Also, I occasionally seine stream fish for a 150 gal native tank at the house. I swear I'm noticing a decrease in certain species in the tiny tribs and I'm going to blame non native steelies. I know they're getting into some of them. I've snorkeled a couple of little creeks you can almost jump over and I've seen a definite increase in steelhead smolt further up them than you'd ever think they'd go.


----------



## Sonder

creekcrawler said:


> I'm of the same opinion. Frankly, I think they're stocking too many steelhead already. No need to create another Rocky or Chagrin with all the fisherman and trash.
> Not sure it would even be worth it - you'd have steel spread pit from Harvard to Crackron.

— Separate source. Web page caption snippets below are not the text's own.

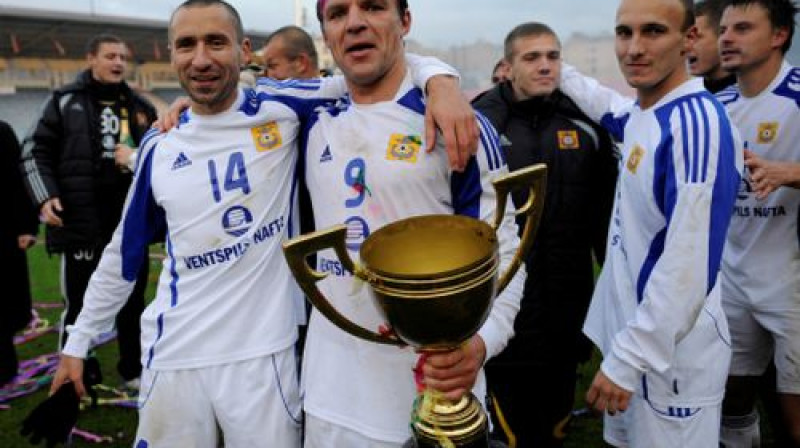 Mihails Ziziļevs (nr. 14) "Ventspils" sastāvā kļūst par 2008.gada Latvijas čempionu
Foto: Romāns Kokšarovs, Sporta Avīze, f64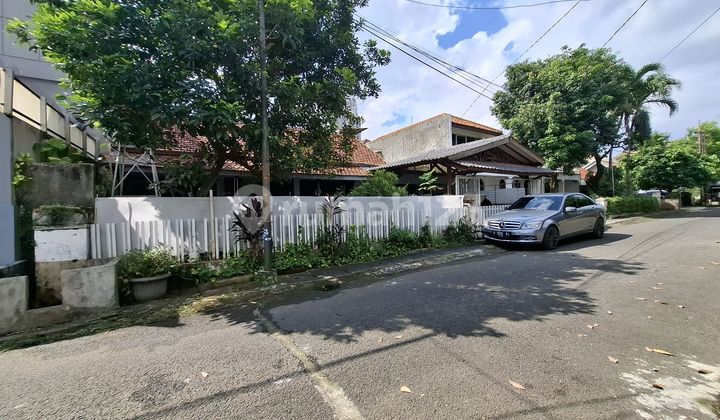 Old House Including Land in Terogong Complex, South Jakarta Old House Including Land in Terogong Complex, South Jakarta
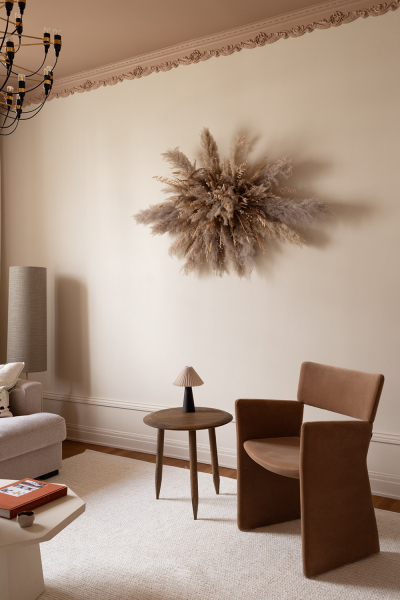 Стильные розовые штрихи в дизайне нежной скандинавской квартиры (84 кв. м)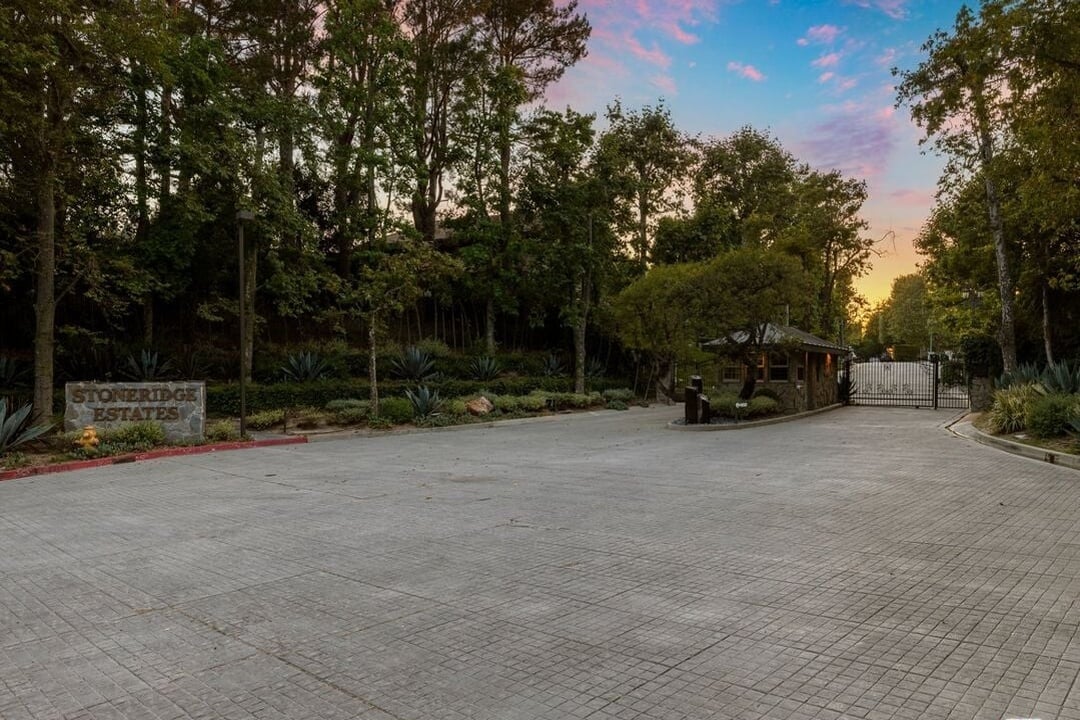 Stone Ridge Ln, 90077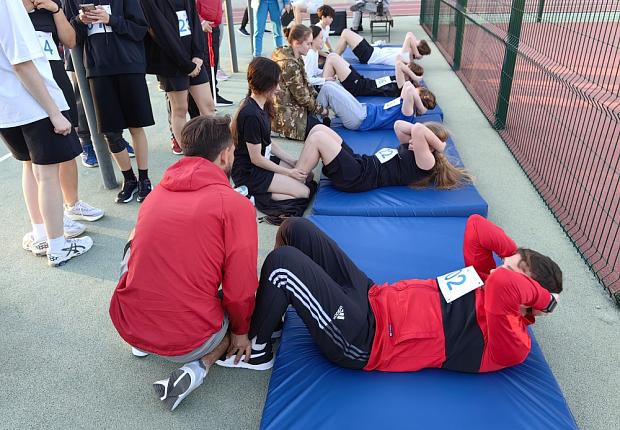 Выполнение нормативов ГТО объединило учащихся и педагогов Первого Лобачевского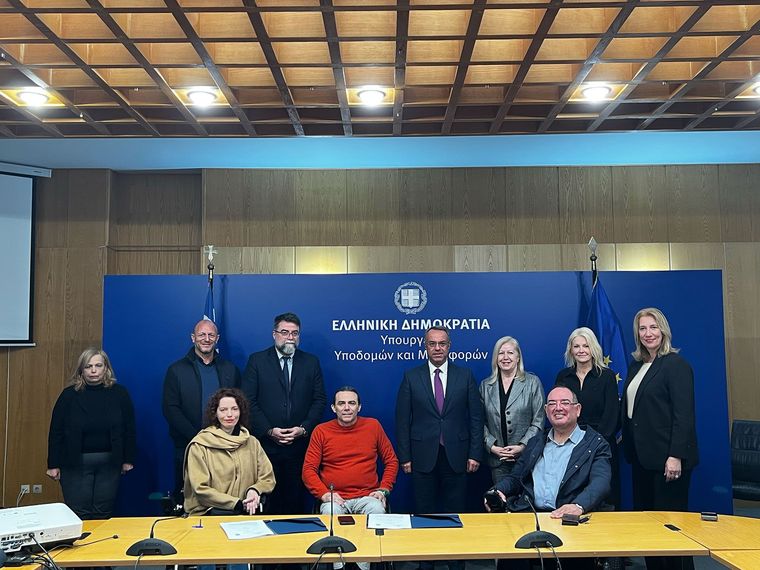 Μνημόνιο συνεργασίας του Υπουργείου Υποδομών με την Εθνική Αθλητική Ομοσπονδία Ατόμων με Αναπηρίες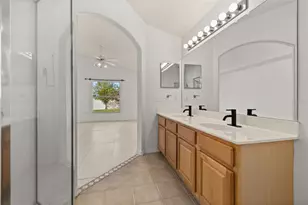 129 Sir Phillips Dr, Davenport, FL 33837 - Photo 19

... lol in the right water conditions they would enter Portage County my friend, but that dam has to come down first. It would be fun to jack fish at that natural falls "if its still there" outside of the Sheraton ..lol..


----------



## Steel Cranium

Cuyahoga would never become another rocky. Too many more river miles. Also more difficult water (bigger and deeper) with a large portion in the national park not permitting live minnows or spawn, if still enforced to keep the crowds reduced. 

I recall hearing that the long portion of low oxygen water near the mouth was the reason for not sticking back then.


----------



## Snookhunter52

Why not starting a run of walleye, sauger and lake sturgeon once they bring down the last dam. The Hoga and some of the smaller tribs would be clean enough and have the right substrate to support breeding populations of all three. The maumee already supports walleye runs and the dnr just started stocking it with sturgeon.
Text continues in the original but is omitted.